Earlier this week, the almost nine-year-old poster boy of Indian ecommerce, Flipkart, announced in three separate interviews that customer satisfaction would be its mantra from now on. GMV or gross merchandise value of goods sold on the platform, till now the benchmark for success, will be kept aside, said Binny Bansal, who became CEO of Flipkart in January. Not too long ago, Snapdeal CEO Kunal Bahl had the same to say about shedding the GMV goalpost.
In the process, both Flipkart and Snapdeal have endorsed what the American e-commerce major has always maintained and indirectly acknowledged Amazon’s heavyweight presence in this market. Via business-standard.com
India’s Tata Group enters ecommerce market with apparel and electronics website
India’s biggest conglomerate Tata Group launched an ecommerce venture on Friday, as it seeks to cash in on rising purchasing power in a market dominated by deep-pocketed international retailers and startups backed by global tech investors.

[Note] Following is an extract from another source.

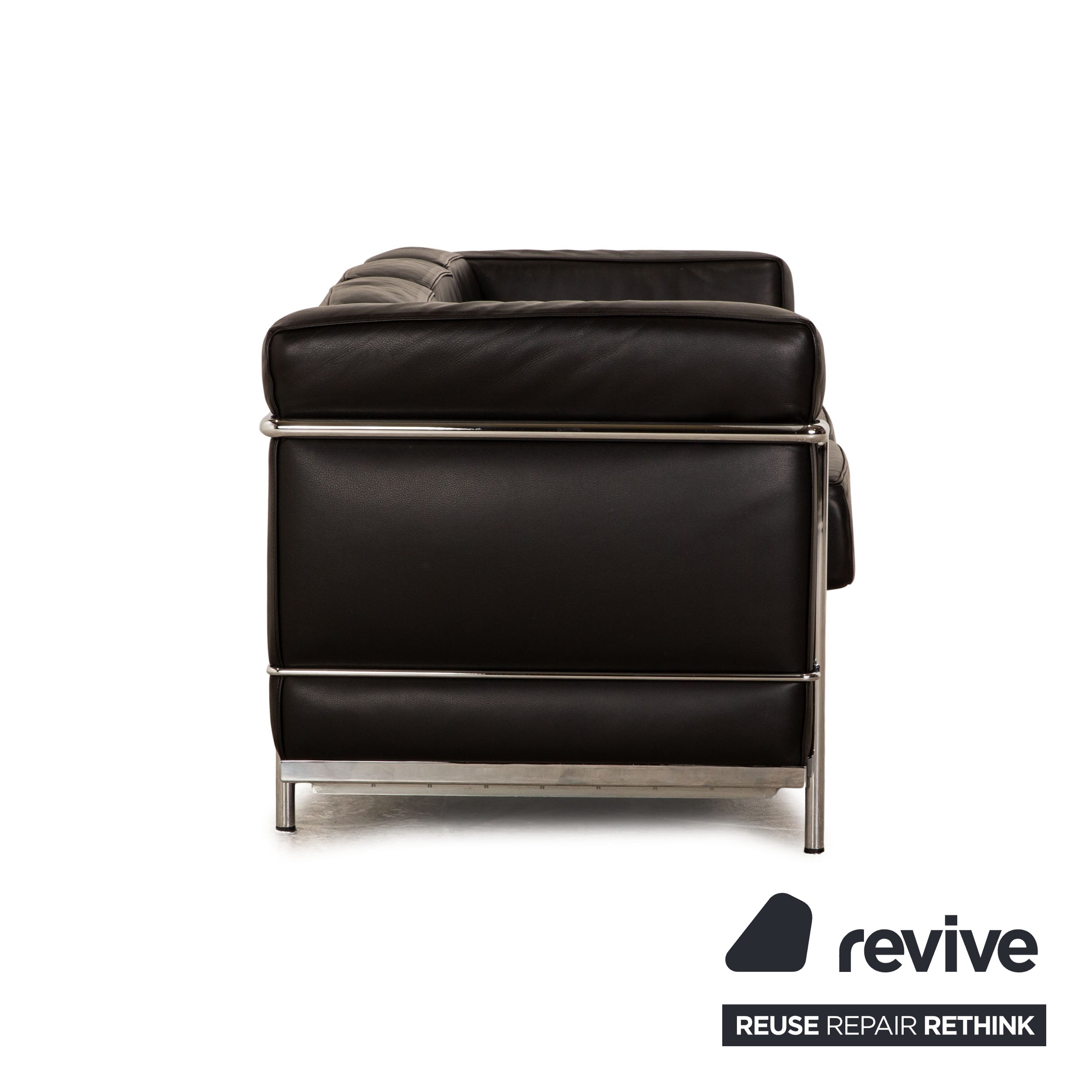 Cassina Le Corbusier LC 2 Leather Three Seater Black Sofa Couch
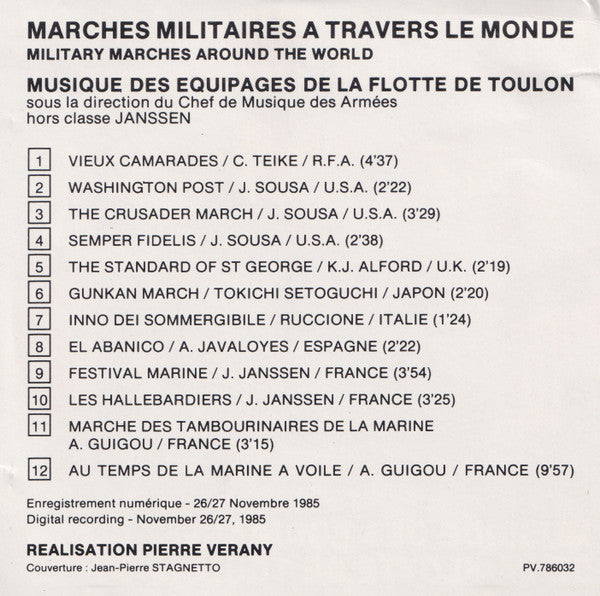 Musique Des Équipages De La Flotte De Toulon : Marches Militaires A Travers Le Monde (CD)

The group said it developed its Tata Cliq website over a year and a half at a cost of “several hundred million dollars” to be a marketplace for in-house and partner companies to sell apparel and electronics.
The move is in line with a second phase in Indian ecommerce development, with the some of the country’s oldest and largest corporations entering an industry established in the last five years by startups Snapdeal and Flipkart Online Services Pvt Ltd [IPO-FLPK.N]. Via reuters.com
India: Flipkart, Snapdeal see falling sales despite rise in internet users
According to a report on Thursday by Kleiner Perkins Caufield Byers, a Silicon Valley venture capital firm, the number of Internet users in India grew by 40% in 2015 to 277 million. While the number of Internet users is growing rapidly, that of those transacting (or online shoppers) isn’t increasing at the same rate, start-up executives and investors said.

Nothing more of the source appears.